There are reports that European and US energy companies and commodity traders, including BP, Shell, Wintershall Dea, ExxonMobil, TotalEnergies, Equinor, OMV, and Trafigura, have contributed over $95 billion to the Russian government via oil and gas projects since the invasion of Crimea in 2014.
Until August 2022, TotalEnergies held a 49% stake in a Russian gas field that allegedly provides fuel that ends up in Russian fighter jets. Investigators traced the Kerosene supply chain of two military bases, Morozovskaya and Malshevo, to the gas field in Siberia which TotalEnergies co-owned.
Global Witness has also identified that BP will net an estimated £580 million this year from its nearly 20% stake in Rosneft, which it still holds despite promises to sell earlier this year.
Beyond Russia’s invasion of Ukraine, corruption has contributed to instability in many other parts of the world – and will continue to do so unless governments – with the help of international and regional institutions, and in collaboration with civil society – commit to more integrity, transparency and accountability along with strong and enforceable anticorruption policies.
Among the legion of examples, is the elite capture of South Sudan’s state-owned oil company, which helped divert oil revenues to security services and militias accused of serious human rights abuses. In Libya, the illicit trade of oil and gas directly funded armed groups, including those responsible for trafficking migrants across the Mediterranean.

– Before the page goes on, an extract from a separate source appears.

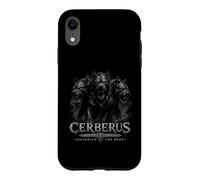 Carcasa para iPhone XR Cerberus Guardián De Los Muertos Mitología Griega Hellhound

Corruption breeds conditions that lead to social and political unrest, as well as environmental destruction. It deters responsible investment, and diverts revenues away from the public purse, preventing communities and populations from benefiting from such investments.
The world is moving to a low-carbon future, and demand for the minerals used in green technology is skyrocketing. In this context, tackling the corruption that has blighted the extractive sector for so long is more crucial than ever. The CSDDD can and should play a role.
To do so, however, it is vital that EU legislators strengthen the directive with specific governance and anti-corruption requirements: by adding a definition of ‘adverse governance impacts’ and including key anti-corruption conventions in the Directive’s Annex, they can boost the CSDDD’s ability to foster resilient and sustainable value chains in key high-risk economic sectors such as oil, gas and mining. With some amendments down on these issues, there is still hope.
The case for doing so is clear cut, the benefits potentially immense. On International Anti-Corruption Day, and in the year which marks the 20th anniversary of the UN Convention against Corruption, the time is well overdue for governments, the private sector and EU legislators to live up to their commitments – and translate Ursula von der Leyen’s fine words into action.